We had to sign paperwork that Friday night acknowledging that if we did not leave, the township was not responsible for anything that happened to us or to our home. We signed.
We had never been ordered to leave our Bayville neighborhood before. We left. In the end, we couldn’t return home for seven months, until the house was repaired.
Sandy was within 50 miles of the New Jersey coast before it hit in Brigantine as an extratropical cyclone. The storm peppered the Jersey Shore with hurricane-force winds, record low pressure, and a huge storm surge along the coast.
“The storm becomes the worst hurricane to affect the state on record, killing 37 and causing nearly $30 billion in damages,” according to the National Oceanic and Atmospheric Administration (NOAA). “Widespread devastation is noted, particularly on Long Beach Island and the Barnegat Peninsula, where the Seaside Heights boardwalk collapses into the ocean.”
Sandy took the most lives, compared to a storm in August 1806 storm, which killed 21 residents.
Governor Chris Christie said the losses caused by Sandy were “going to be almost incalculable…The devastation on the Jersey Shore is probably going to be the worst we’ve ever seen.” 
And unfortunately, it looks like 2020 will be also be an active hurricane season. This year, again there will not be an El Nino to suppress Atlantic hurricane activity either, says NOAA.
“NOAA’s analysis of current and seasonal atmospheric conditions reveals a recipe for an active Atlantic hurricane season this year,” said Neil Jacobs, acting NOAA administrator. “Our skilled forecasters, coupled with upgrades to our computer models and observing technologies, will provide accurate and timely forecasts to protect life and property.”
The Atlantic hurricane season lasts from June 1st to Nov. 30. New Jersey’s tropical storm activity occurs between August and late October. Sandy pummeled New Jersey on Oct. 30, 2012.
Warmer than usual sea surface temperatures in the tropical Atlantic Ocean and Caribbean Sea, reduced vertical wind shear, weaker tropical Atlantic trade winds and an enhanced west African monsoon season all increase the chances of an above-normal 2020 hurricane season.
A hurricane is a huge storm that can be up to 600 miles across and have strong winds spiraling inward and upward at speeds of 75 to 200 mph. They can be life-threatening as well as cause serious property-threatening hazards such as flooding, storm surge, high winds and tornadoes.
So what were some of the worst hurricanes and storms to batter the Jersey Shore?

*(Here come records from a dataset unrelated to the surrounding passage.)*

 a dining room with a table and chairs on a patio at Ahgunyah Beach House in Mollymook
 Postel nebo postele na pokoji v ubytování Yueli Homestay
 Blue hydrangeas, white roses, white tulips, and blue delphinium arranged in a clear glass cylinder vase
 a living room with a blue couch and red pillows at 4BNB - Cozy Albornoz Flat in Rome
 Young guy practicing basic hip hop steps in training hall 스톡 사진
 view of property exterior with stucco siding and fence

The Perfect Storm – Oct. 31, 1991 – The 1991 Halloween Nor’easter brought massive waves of up to 30 feet. High tides along the Jersey Shore were only surpassed by those of the 1944 hurricane. Significant bay flooding occurred. Strong waves and intense winds caused extreme beach erosion. In all, damage amounted to $90 million (1991 USD), though no deaths occurred in the state.
The Great Atlantic Hurricane – September 1944 – Destroyed hundreds of homes, did major damage to Long Beach Island, Ocean City, Atlantic City and Cape May. Bridges in some towns were destroyed.

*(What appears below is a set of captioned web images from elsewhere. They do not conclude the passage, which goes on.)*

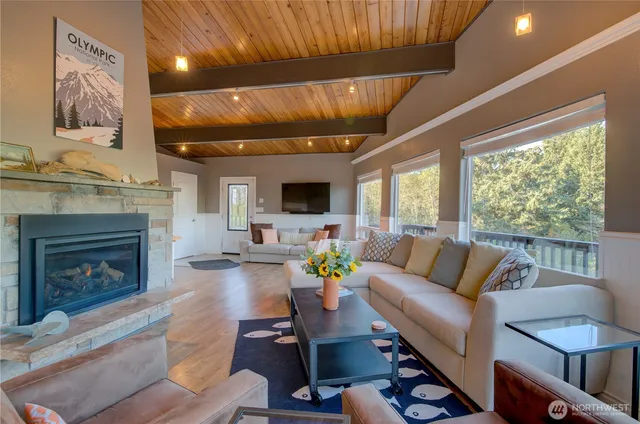 a living room with furniture a fireplace and a flat screen tv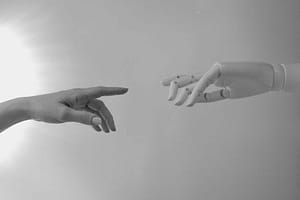 Human and robot hands almost touching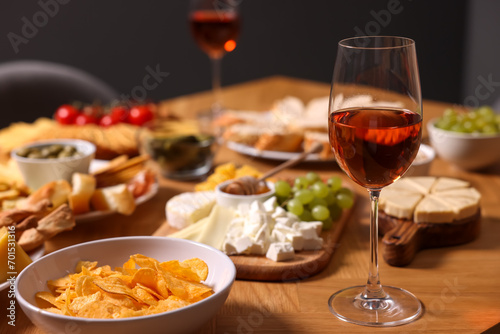 Rose wine and appetizers served on wooden table, space for text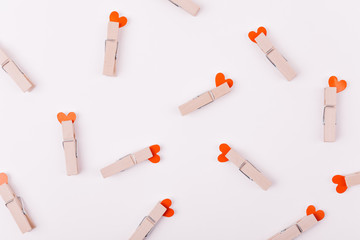 Beautiful greeting card or background design of Pink Hearts pinned with a clothes peg. White background. Copy Space for Texts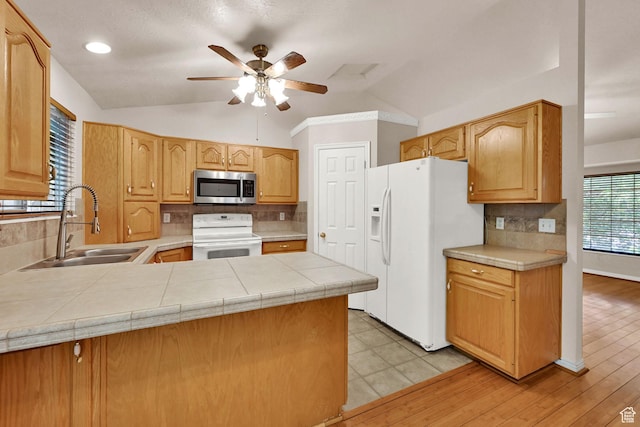 4188 S 2725 W, Roy, UT 84067 - kitchen featuring white appliances, vaulted ceiling, a ceiling fan, backsplash, and a peninsula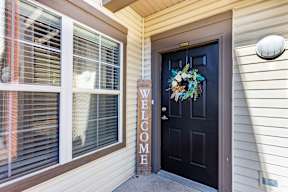 A black door with a wreath and a sign that says "Welcome".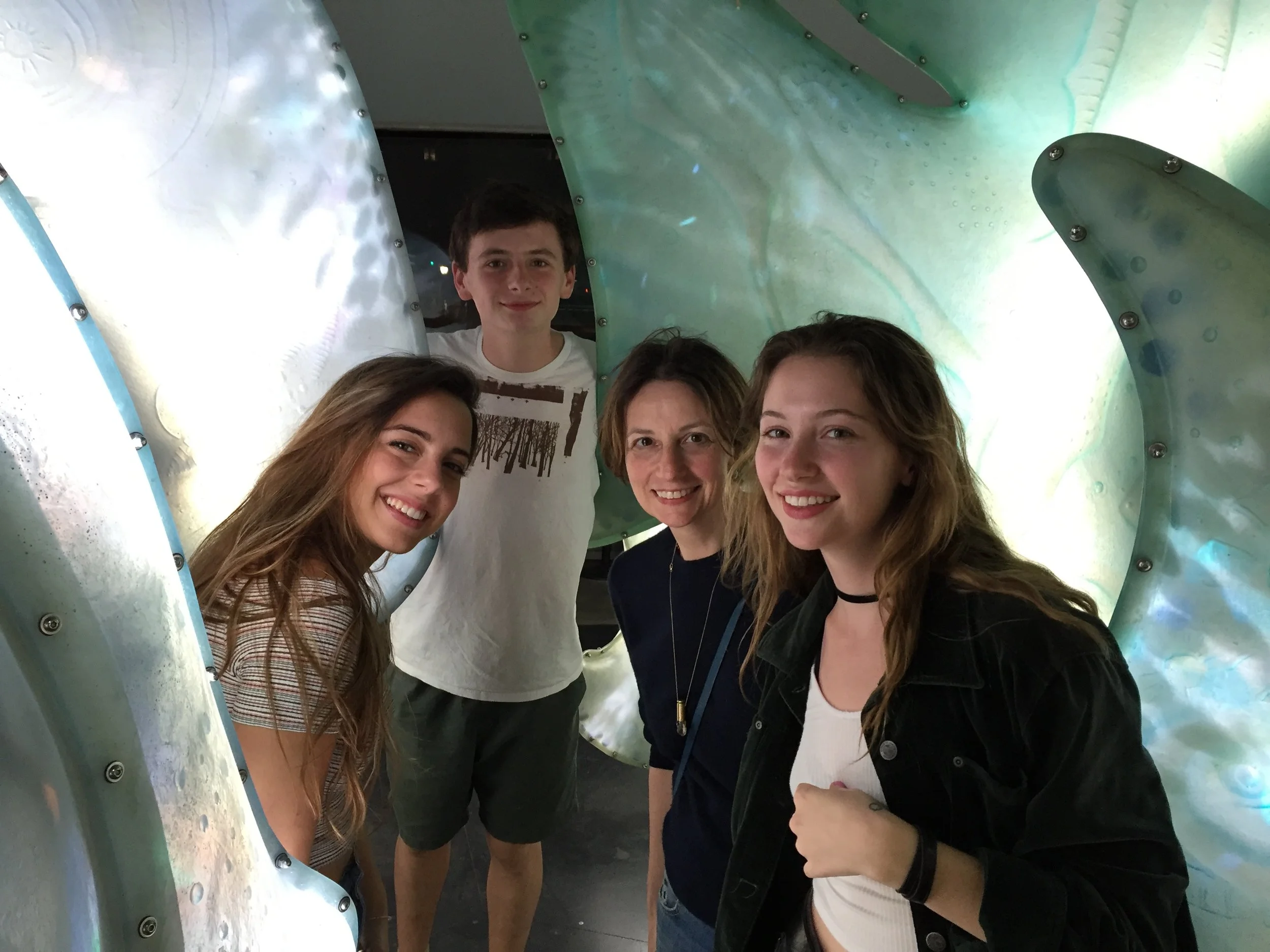 Sara with her kids (and a cousin!) today.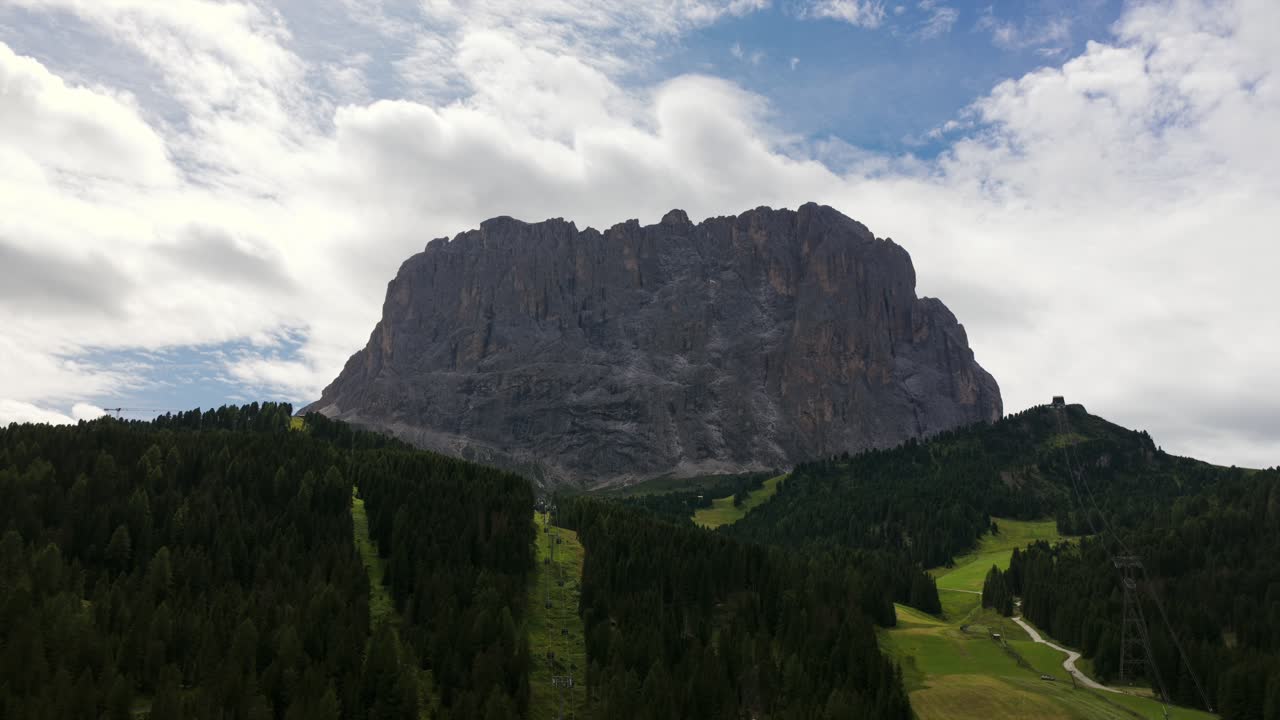 Sassolungo mountain group, peaks rising above pine forest and green meadows, Dolomites, Italy. Aerial drone lateral view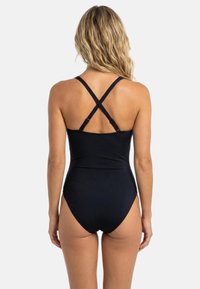 Sort badedragt i ét stykke med krydsede stropper på ryggen, glat tekstur og benudskæring med høj kant. Har minimal detaljering.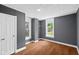 Bedroom featuring gray walls, wood floor, two windows and a closet behind a white door at 761 N Holmes Ave, Indianapolis, IN 46222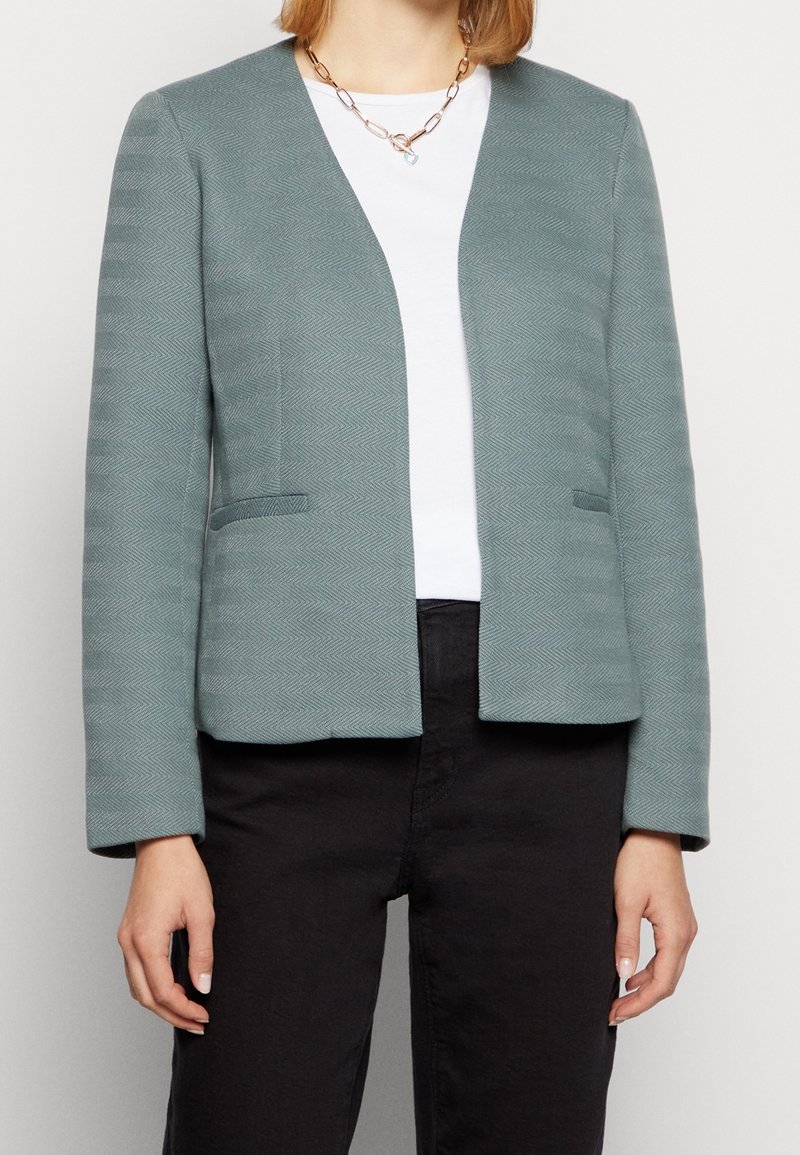 Světlomodrý blazer s texturovaným vzorem herringbone, otevřený vpředu, se dvěma bočními kapsami a dlouhými rukávy. Nositý přes bílý top.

Hurricane Donna – September 1960 – The nor’easter brought 100 mph winds and 5 to 6 inches of rain in New Jersey. Nine people died in the state. The name “Donna” will never be used again for a hurricane because of the severity of the storm. The hurricane produced 105 mph (169 km/h) wind gusts and a storm surge of 6 feet (2 m) near Atlantic City, and 8.99 in (228 mm) of rainfall near Hammonton,. One person died related to a heart attack during the storm.

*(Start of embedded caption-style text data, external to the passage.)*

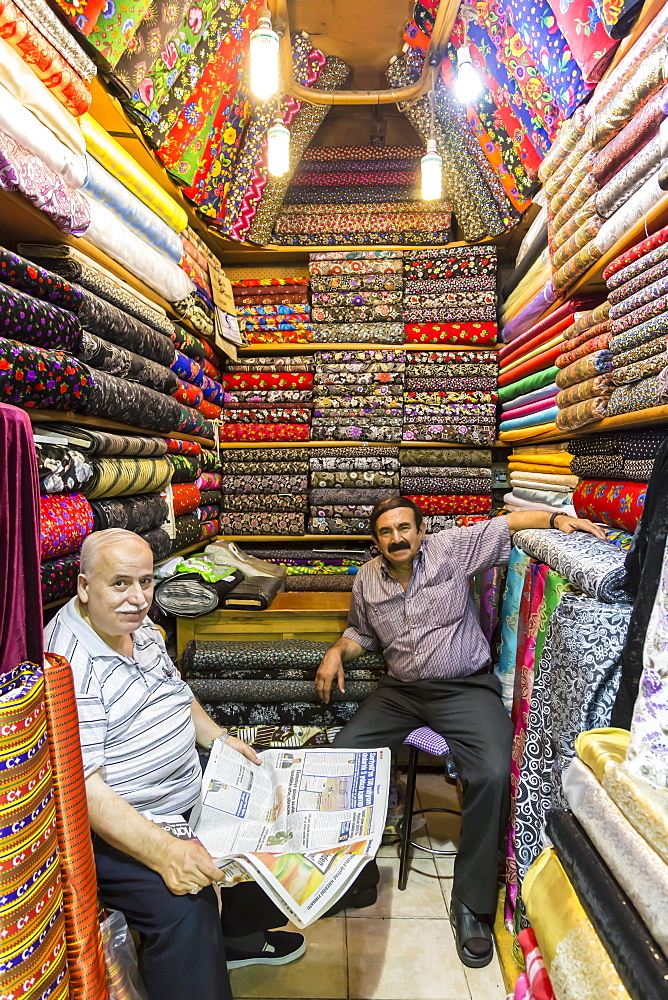 Sellers (vendors) of traditional Turkish fabrics seated in their shop reading a newspaper, Grand Bazaar, Istanbul, Turkey, Europe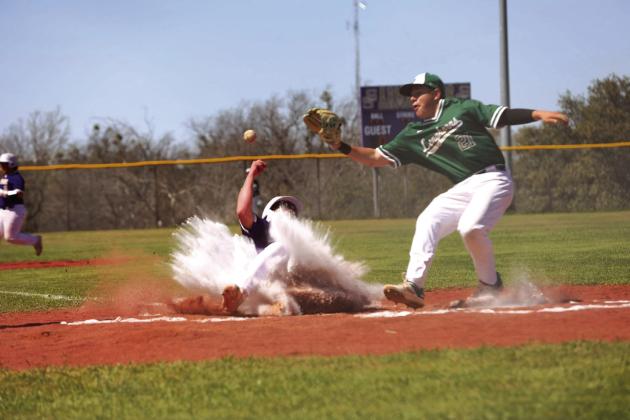 #7 Jason Everett making the safe slide home in Tuesday’s spring break district match up against the Harper Longhorns.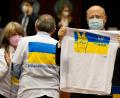 Bild: Virginia Mayo/AP/dpa
Ein Mitglied des Europäischen Parlaments hält ein T-Shirt in den Farben Blau und Gelb zur Unterstützung der Ukraine.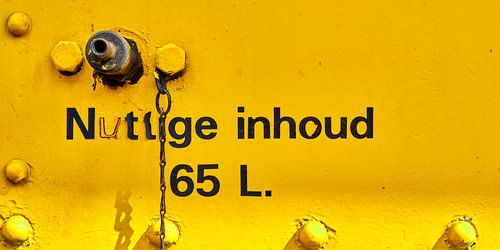 Text and valve on old yellow train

The Storm of March 1962 – Also known as the Great Storm of the Jersey Shore and the Ash Wednesday Storm. The late James J. Mancini – longtime mayor of Long Beach Township for decades and an Ocean County Freeholder – considered the March 1962 storm the worst on Long Beach Island. Six hundred homes on Long Beach Island were lost. Seven people died, including Long Beach Township Police Chief Angelo J. Leonetti, Township Police Commissioner Kenneth G. Chipman, First Aider Robert Osborn and two elderly couples.